Fisk is sometimes rather too eager for the spotlight, making himself a character in the dramas he reports. Writing of the assassination of Ayatollah Muhammad Baqir al-Sadr, a leading Iraqi Shiite cleric, he says, "Only when I asked to visit Najaf in [July] 1980 did a Baath Party official tell the truth." But my recollection (I was then in Lebanon) was that months before his "scoop" there was no lack of knowledge about the savage killing of the revered cleric in Abu Ghraib prison. Sadr died as nails were driven into his head, after he was forced to watch the abuse and then execution of his sister, Bint Huda. Still, Fisk has captured many a scoop during his long and distinguished career, from his reporting on Sabra and Shatila to his revelations that the Iranian passenger jet blasted out of the air in 1988 by the USS Vincennes was identified by other American naval vessels as a civilian plane on a routine, scheduled flight, contrary to official US claims at the time.

What is more, he has been especially fearless in uncovering official deception, as in his reporting on Israel's siege of the West Bank in 2002, when Palestinian residences and government offices were ransacked, pillaged and smeared with feces. Israel tried futilely to dismiss reports as "baseless incitement whipped up by the Palestinian Authority," but the stories by Fisk and others proved otherwise. He contrasts American journalists "who report in so craven a fashion from the Middle East--so fearful of Israeli criticism that they turn Israeli murder into 'targeted attacks' and illegal settlements into 'Jewish neighborhoods'" with their Israeli colleagues, notably Ha'aretz's Ramallah correspondent Amira Hass, who abjures pablum and writes with deep moral insight about Israelis and Palestinians.

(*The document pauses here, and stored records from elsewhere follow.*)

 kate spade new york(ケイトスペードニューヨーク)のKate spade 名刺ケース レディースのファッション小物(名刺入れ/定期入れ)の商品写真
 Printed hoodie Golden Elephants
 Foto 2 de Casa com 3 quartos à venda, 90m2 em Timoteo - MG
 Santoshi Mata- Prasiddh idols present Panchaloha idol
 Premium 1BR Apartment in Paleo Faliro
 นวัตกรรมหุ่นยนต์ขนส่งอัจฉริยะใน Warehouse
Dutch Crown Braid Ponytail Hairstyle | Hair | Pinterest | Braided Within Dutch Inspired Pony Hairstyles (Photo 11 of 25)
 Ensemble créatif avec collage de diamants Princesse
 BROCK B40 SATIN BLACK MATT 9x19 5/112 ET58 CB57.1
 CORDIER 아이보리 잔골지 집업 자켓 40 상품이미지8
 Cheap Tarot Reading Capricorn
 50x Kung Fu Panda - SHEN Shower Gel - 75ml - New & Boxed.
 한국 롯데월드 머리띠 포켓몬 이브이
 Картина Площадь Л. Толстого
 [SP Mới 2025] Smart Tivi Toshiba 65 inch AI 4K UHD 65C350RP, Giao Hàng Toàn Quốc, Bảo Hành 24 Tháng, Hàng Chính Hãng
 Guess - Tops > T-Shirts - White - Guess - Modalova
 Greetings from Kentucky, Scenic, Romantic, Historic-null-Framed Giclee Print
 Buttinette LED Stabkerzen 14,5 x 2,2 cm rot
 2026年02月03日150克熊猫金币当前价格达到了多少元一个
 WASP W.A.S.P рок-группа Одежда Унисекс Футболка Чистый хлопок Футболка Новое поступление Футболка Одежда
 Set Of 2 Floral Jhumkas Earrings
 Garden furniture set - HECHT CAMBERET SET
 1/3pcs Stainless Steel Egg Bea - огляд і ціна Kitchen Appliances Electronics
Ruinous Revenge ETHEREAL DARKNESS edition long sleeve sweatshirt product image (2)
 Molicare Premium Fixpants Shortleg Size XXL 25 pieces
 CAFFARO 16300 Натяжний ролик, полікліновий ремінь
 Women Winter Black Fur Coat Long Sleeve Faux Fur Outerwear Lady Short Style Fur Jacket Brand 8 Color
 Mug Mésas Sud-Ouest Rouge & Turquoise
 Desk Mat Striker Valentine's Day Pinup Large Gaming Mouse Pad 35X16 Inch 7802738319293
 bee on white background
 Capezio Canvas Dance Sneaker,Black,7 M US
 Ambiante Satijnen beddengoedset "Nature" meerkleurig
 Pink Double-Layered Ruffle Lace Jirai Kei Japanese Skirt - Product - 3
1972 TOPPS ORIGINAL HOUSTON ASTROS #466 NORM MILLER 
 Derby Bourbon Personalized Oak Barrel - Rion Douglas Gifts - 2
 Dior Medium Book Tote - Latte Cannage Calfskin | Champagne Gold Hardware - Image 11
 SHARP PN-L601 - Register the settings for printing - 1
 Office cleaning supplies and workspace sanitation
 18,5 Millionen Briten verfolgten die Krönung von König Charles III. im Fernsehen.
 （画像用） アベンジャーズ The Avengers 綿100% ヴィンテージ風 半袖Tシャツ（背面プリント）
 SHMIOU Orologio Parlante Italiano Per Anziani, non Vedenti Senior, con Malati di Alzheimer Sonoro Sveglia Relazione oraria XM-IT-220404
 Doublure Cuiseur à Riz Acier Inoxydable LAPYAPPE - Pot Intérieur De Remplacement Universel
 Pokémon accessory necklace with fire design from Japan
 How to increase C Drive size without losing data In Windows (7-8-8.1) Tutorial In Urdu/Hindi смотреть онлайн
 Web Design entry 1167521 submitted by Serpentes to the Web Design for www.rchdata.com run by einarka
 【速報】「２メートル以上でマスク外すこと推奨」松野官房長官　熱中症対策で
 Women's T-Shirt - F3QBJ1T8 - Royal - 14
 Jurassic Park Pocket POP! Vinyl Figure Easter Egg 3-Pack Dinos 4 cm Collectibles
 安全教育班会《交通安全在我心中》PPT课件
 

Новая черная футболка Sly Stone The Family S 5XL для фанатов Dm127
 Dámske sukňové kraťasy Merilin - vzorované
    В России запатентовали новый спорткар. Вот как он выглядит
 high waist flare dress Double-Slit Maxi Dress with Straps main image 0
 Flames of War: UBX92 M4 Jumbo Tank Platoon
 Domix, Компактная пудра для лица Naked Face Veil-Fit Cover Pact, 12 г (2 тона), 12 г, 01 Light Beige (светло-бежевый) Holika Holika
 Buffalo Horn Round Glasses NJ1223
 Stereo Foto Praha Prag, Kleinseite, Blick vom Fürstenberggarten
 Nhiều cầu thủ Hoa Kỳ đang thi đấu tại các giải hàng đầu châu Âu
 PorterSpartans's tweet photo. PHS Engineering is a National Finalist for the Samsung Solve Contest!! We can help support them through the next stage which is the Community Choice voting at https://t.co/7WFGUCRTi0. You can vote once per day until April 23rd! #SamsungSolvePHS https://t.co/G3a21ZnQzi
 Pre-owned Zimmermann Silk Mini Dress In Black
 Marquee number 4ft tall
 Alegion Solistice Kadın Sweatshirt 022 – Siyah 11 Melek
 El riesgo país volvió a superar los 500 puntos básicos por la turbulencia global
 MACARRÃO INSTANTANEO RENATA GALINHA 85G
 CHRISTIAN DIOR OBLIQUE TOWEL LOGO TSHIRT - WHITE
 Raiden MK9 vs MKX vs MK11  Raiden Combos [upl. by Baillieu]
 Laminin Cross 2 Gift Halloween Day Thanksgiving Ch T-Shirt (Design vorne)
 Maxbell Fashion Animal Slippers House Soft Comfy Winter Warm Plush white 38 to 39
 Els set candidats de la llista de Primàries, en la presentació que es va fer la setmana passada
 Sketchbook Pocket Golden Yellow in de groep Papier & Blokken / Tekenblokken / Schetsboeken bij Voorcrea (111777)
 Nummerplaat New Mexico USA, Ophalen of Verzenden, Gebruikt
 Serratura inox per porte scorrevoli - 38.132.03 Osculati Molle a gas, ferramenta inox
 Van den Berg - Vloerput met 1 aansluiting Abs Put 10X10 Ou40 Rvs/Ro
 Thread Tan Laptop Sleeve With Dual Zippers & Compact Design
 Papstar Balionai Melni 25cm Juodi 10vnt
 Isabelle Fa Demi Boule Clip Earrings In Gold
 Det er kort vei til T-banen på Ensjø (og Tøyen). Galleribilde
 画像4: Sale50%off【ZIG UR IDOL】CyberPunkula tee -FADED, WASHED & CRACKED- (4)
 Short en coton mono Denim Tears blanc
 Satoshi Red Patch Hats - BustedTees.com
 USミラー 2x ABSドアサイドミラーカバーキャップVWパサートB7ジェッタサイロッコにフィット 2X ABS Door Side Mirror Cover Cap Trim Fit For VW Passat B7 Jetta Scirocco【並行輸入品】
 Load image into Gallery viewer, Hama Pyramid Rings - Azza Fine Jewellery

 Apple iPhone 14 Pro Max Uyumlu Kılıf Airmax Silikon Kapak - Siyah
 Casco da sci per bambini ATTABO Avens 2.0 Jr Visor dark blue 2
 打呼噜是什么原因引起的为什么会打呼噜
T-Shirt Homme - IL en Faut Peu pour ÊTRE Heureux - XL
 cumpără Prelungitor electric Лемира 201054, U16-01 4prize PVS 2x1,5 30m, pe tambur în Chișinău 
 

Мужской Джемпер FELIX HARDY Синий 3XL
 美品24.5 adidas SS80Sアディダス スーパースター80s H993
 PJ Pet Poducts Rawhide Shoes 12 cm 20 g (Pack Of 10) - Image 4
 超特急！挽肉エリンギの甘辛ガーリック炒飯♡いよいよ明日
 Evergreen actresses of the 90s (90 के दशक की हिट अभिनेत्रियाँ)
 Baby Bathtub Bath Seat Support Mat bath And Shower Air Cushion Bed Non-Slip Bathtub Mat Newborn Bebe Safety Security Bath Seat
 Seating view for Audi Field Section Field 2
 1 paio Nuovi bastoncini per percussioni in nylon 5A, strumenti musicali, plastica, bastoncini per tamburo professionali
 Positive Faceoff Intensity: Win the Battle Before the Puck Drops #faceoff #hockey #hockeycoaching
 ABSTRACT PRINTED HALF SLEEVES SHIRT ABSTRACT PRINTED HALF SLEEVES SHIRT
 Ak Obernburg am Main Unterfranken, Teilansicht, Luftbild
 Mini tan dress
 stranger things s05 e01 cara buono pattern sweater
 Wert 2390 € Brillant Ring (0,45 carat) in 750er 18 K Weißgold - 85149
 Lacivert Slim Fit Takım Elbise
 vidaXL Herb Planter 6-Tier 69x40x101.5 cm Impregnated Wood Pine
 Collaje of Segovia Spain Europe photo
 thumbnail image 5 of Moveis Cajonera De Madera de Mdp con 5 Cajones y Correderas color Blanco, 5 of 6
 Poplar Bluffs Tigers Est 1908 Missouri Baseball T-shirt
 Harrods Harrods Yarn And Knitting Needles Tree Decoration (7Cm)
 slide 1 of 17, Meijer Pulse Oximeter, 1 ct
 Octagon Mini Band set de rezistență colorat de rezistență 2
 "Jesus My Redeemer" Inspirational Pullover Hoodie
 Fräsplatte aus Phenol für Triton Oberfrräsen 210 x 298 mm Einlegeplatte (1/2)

Although he is often vilified by Israel's friends for his criticisms of the Jewish state, Fisk is no less scathing about the late Yasir Arafat and other Arab and Muslim politicians and despots, many of whom, he notes, have benefited from the self-interested patronage of the powerful, including the United States. After the Oslo Accords were signed in 1993, the United States and Israel were content to allow Arafat to establish himself as a petty autocrat, one of a number of aspects of the Israeli-Palestinian conflict that Fisk treats in a fifty-page chapter and at various other points in his book. A different choice might have been made by insisting on building democratic political structures in Palestine. Instead, there was a myopic focus on Israeli "security," with Arafat cast as Israel's gendarme in Palestine. In 1994 I asked Yossi Beilin at a private meeting in Boston whether a peace built between societies would be more durable than one made by forging a deal with Arafat and his cronies. Beilin was then Deputy Foreign Minister in the government of Yitzhak Rabin, and he was a key architect of the Oslo "peace process." He replied impatiently: "The Palestinian state is going to be a dictatorship just like all the other Arab states." As Fisk notes, neither the Israelis nor the Americans objected to Arafat's allergy to democracy until the outbreak of the second intifada, when the call for Palestinian political reform became a virtual mantra in Washington and Tel Aviv:

Far from condemning the ever-increasing signs of despotism on the other side of their border, the Israelis lavished only praise on Arafat's new security measures. U.S. State Department spokesmen, while making routine reference to their "concern" for human rights, welcomed and congratulated Arafat on the vitality of his secret midnight courts--a fact bitterly condemned by Amnesty International. Equally secret meetings of Arafat's inner cabinet, which led to mass arrests of political opponents, were ignored by the U.S. administration.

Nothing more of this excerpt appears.